WORK REQUEST:
Starting with the line that has "Used 2019 Ford" in the records below and stopping after the line that has "Malibu. Петля капота", output every line exactly and nothing else; skip pictures.

THE INPUT:
^^^^^^^^

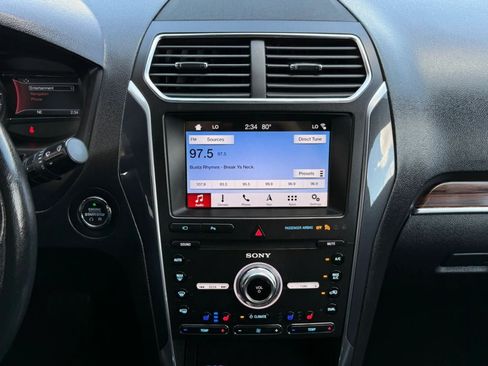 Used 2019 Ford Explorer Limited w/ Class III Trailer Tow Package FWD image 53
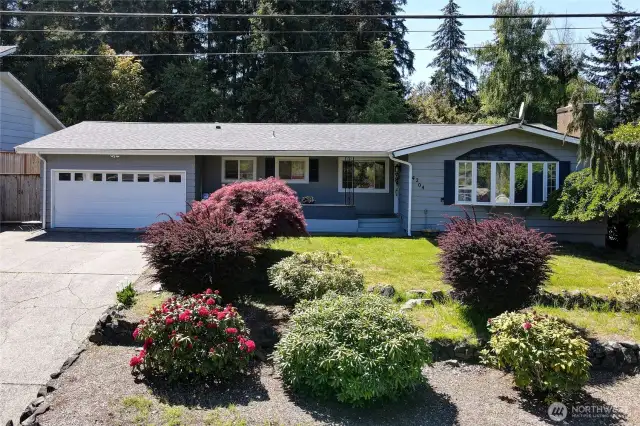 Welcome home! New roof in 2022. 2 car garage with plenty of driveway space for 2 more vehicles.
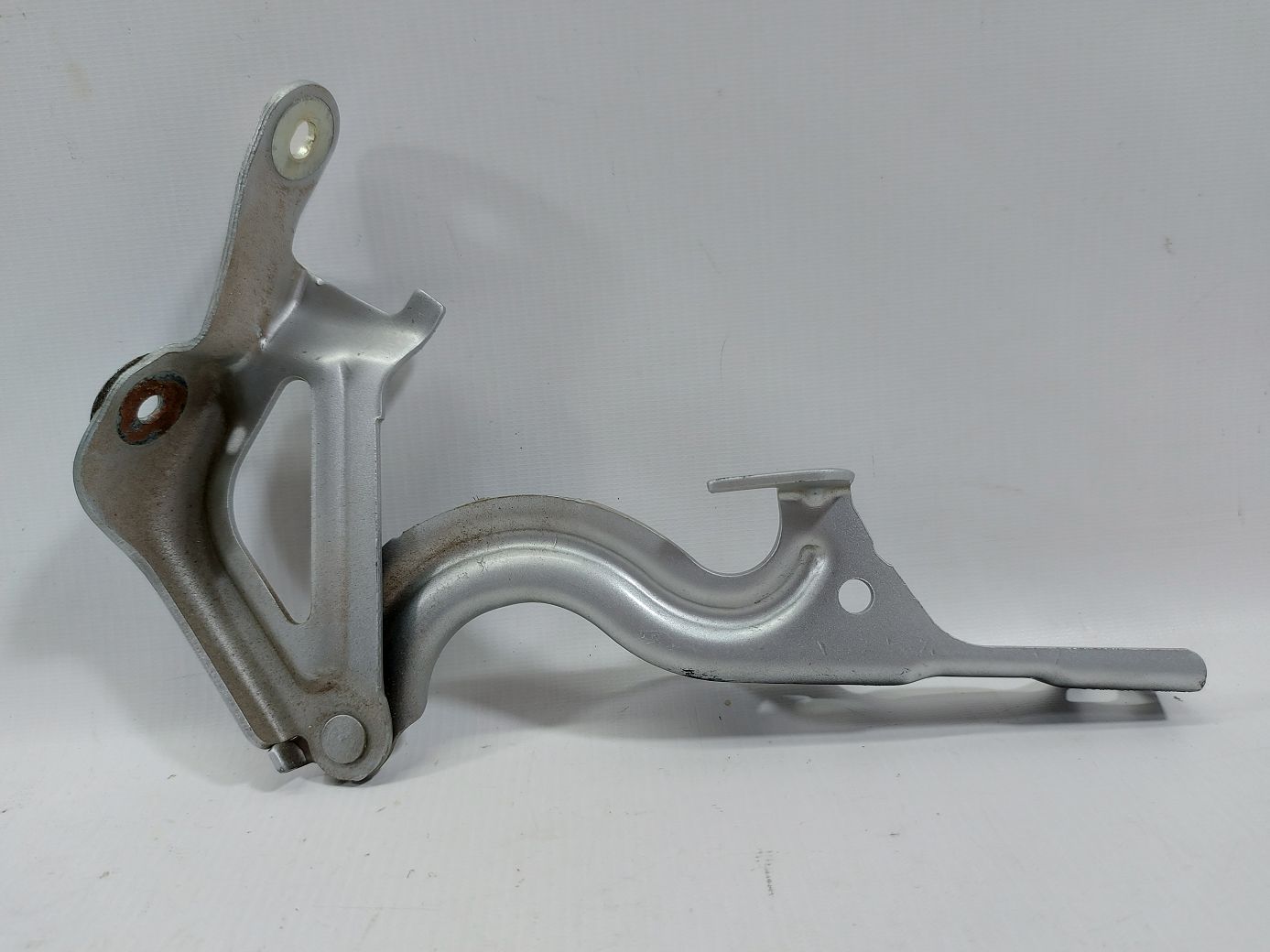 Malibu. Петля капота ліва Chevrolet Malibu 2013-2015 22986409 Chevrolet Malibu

^^^^^^^^

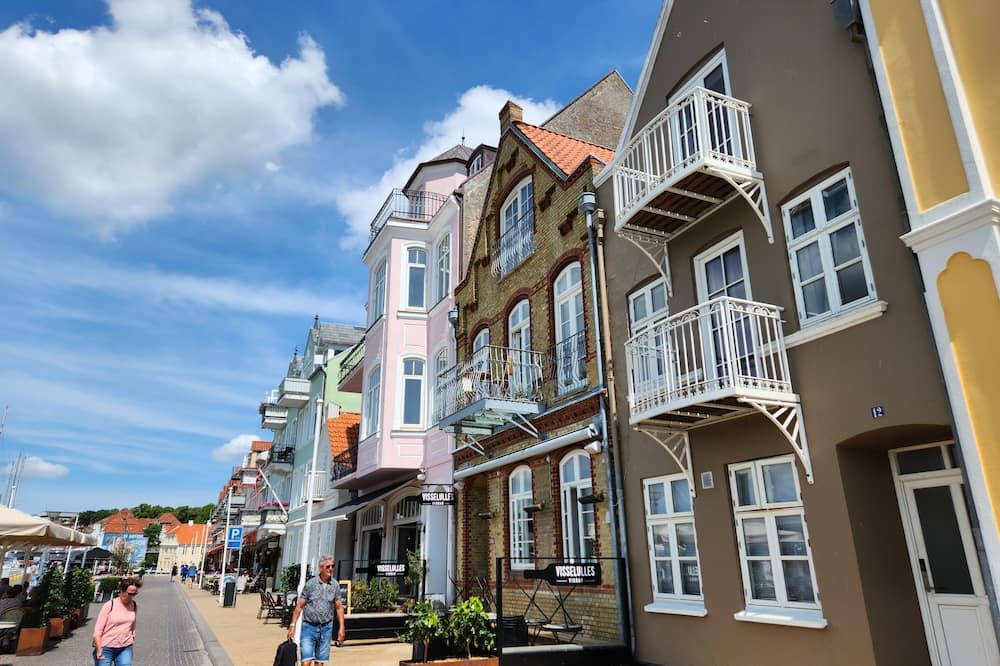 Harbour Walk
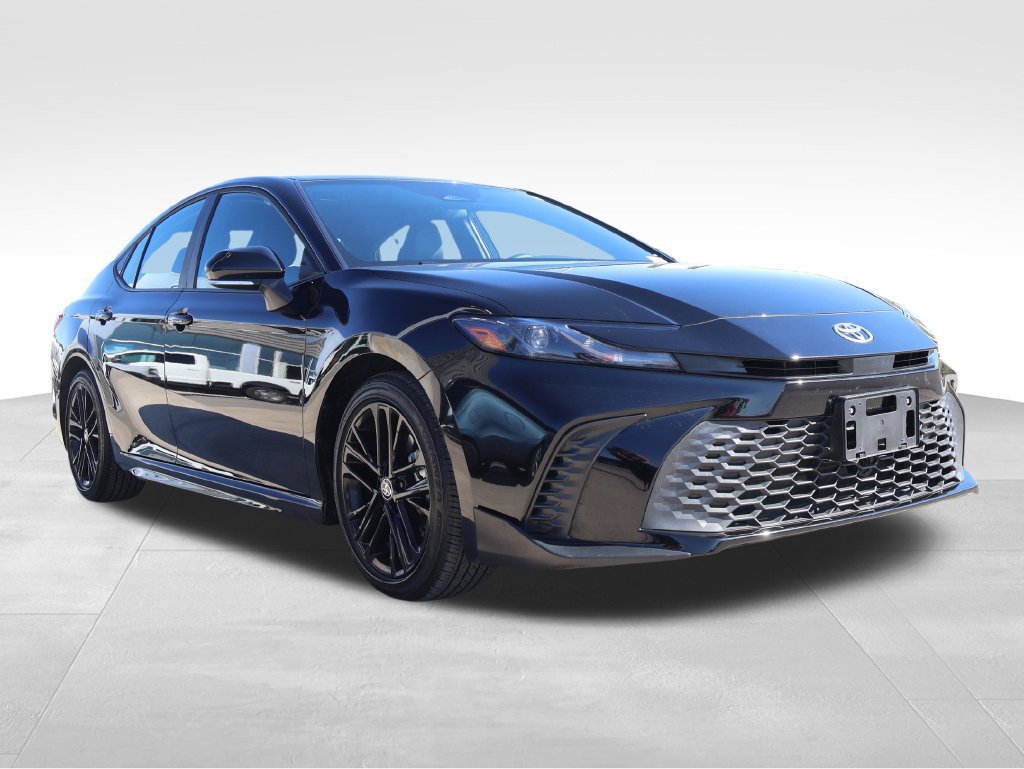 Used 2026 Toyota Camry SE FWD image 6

^^^^^^^^

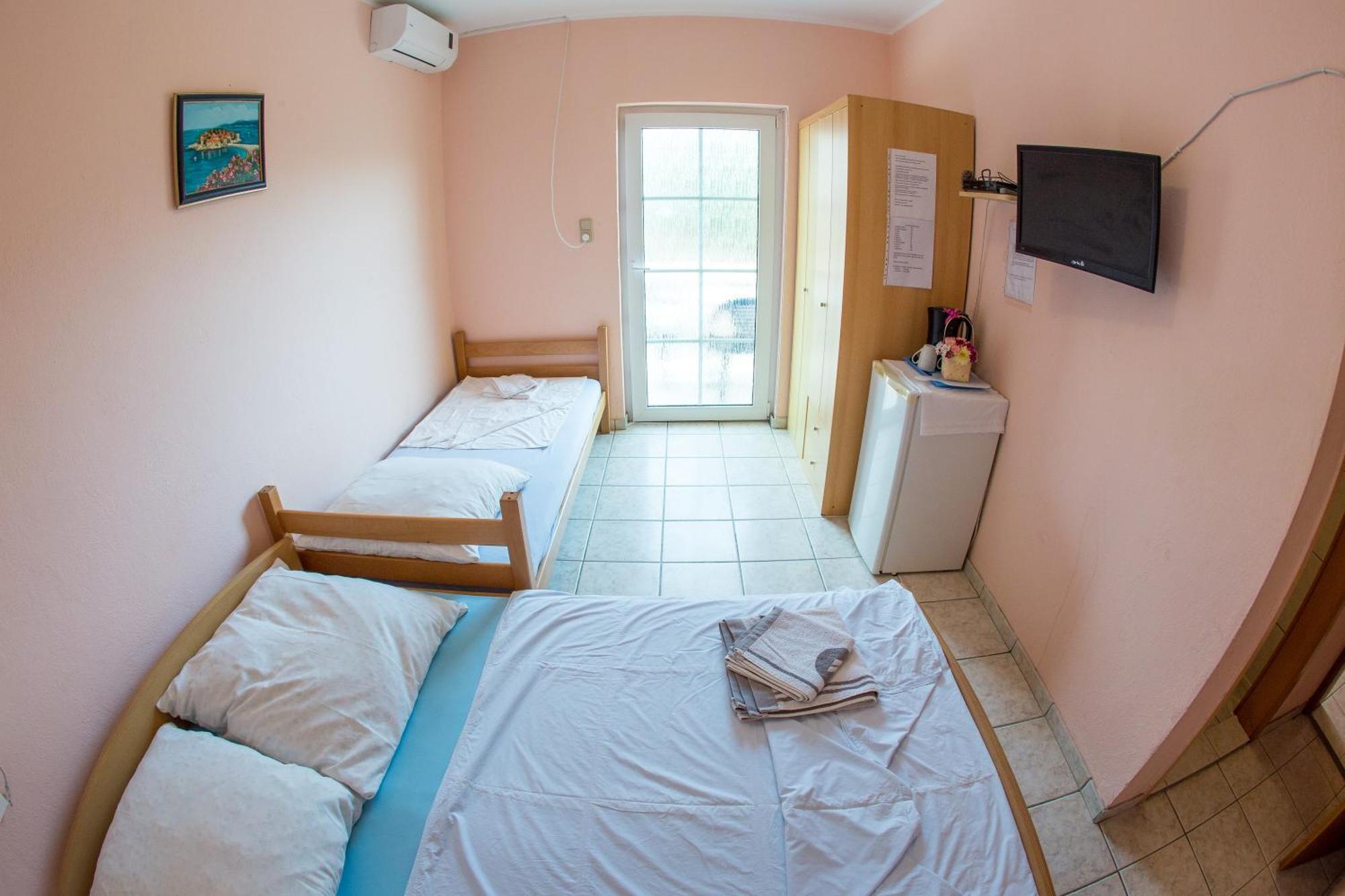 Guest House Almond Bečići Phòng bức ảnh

^^^^^^^^

RESPONSE AREA:
 Used 2019 Ford Explorer Limited w/ Class III Trailer Tow Package FWD image 53
 Welcome home! New roof in 2022. 2 car garage with plenty of driveway space for 2 more vehicles.
 Malibu. Петля капота ліва Chevrolet Malibu 2013-2015 22986409 Chevrolet Malibu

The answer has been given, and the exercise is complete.